Yet in maintaining these walls and floors of indoor plants, ongoing care and attention is required—alongside a solid dose of expertise. Ultimately, you want to choose plants that are well suited to an indoor office setting, and that won’t require fiddly, heavy-handed maintenance.

Whether you’re an office manager starting to dabble in greenery or a desk dweller looking to freshen your day-to-day, this guide to selecting and caring for office plants will bring your workspace to life. 

At a glance: best office plant ideas

This guide offers instructions for growing and caring for a number of low-light, low-maintenance office plants. Our top recommendations for your workspace include: 

  • Snake plants 
  • ZZ plants
  • Succulents
  • Pothos 
  • Bamboos 
  • Spider plants
  • Anthuriums
  • Weeping figs
  • Peace lilies 
  • Ferns
  • Philodendrons
WeWork Wangjing International Business Center in Beijing.
WeWork Wangjing International Business Center in Beijing, China.

Low-light office plants that don’t need direct sunlight

Even the most modern, open office environments can struggle with natural light, particularly in big cities where buildings are side by side and the light might be obstructed by shadow or smog. While office greenery is an easy and effective way to enliven these conditions, finding plants that can grow without direct sunlight can be a challenge.

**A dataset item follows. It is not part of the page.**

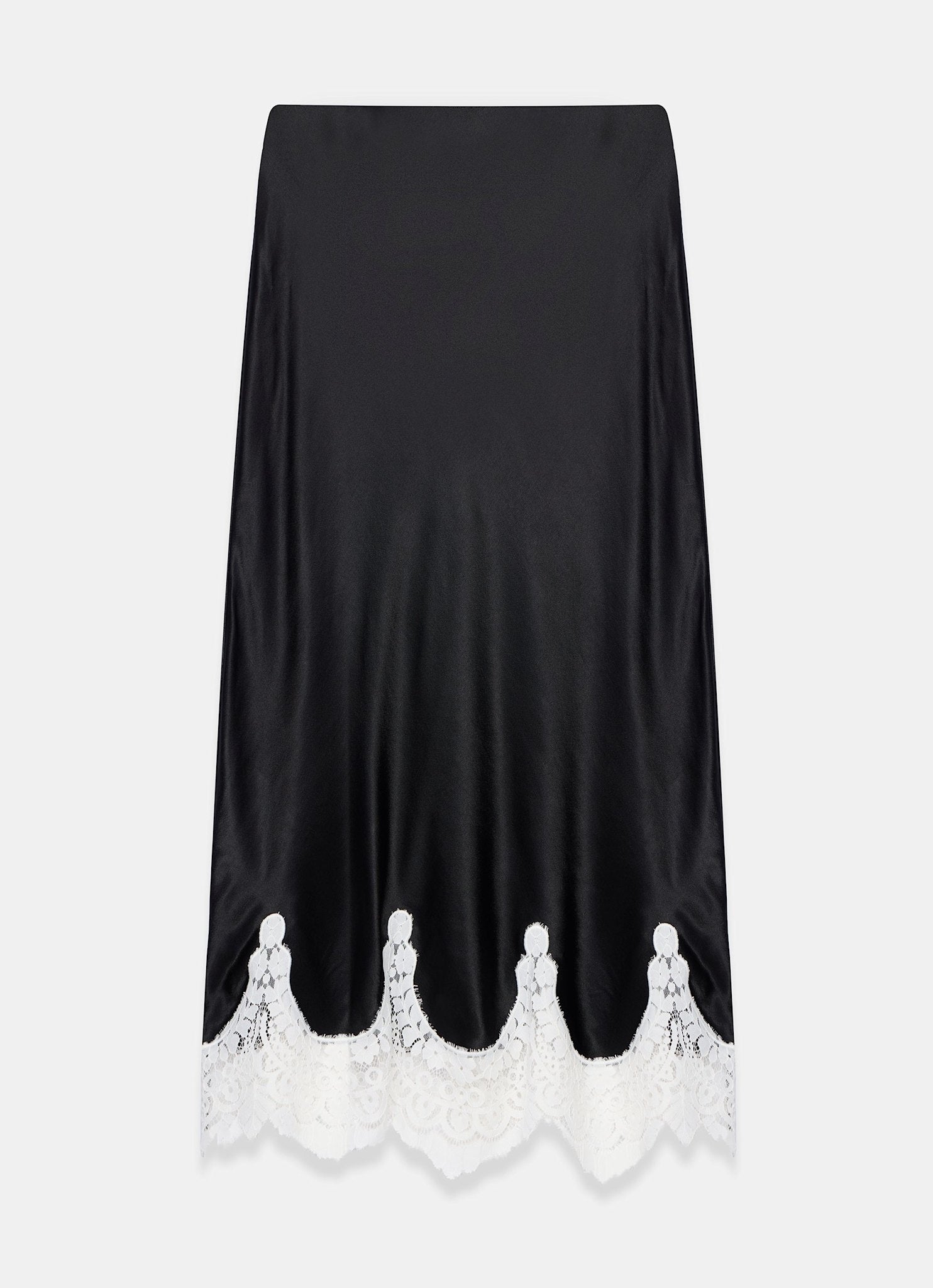 Black Satin Lace Midi Skirt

Snake and ZZ plants are widely praised by cubicle dwellers as hardy, low-light plants that will survive in any office environment. Both have succulent, rubbery leaves and require very little attention.

Snake plants

Snake plants grow in a vertical, compact fashion, reducing mess and taking up a neat corner on a desk or in an office. (Some can grow several feet tall, so pick your size wisely.) Let the soil dry completely between waterings; in the wintertime you’ll likely need to water a snake plant only once a month. While these plants flourish in indirect sunlight, they will also grow successfully (albeit a little more slowly) in darker, low-light settings.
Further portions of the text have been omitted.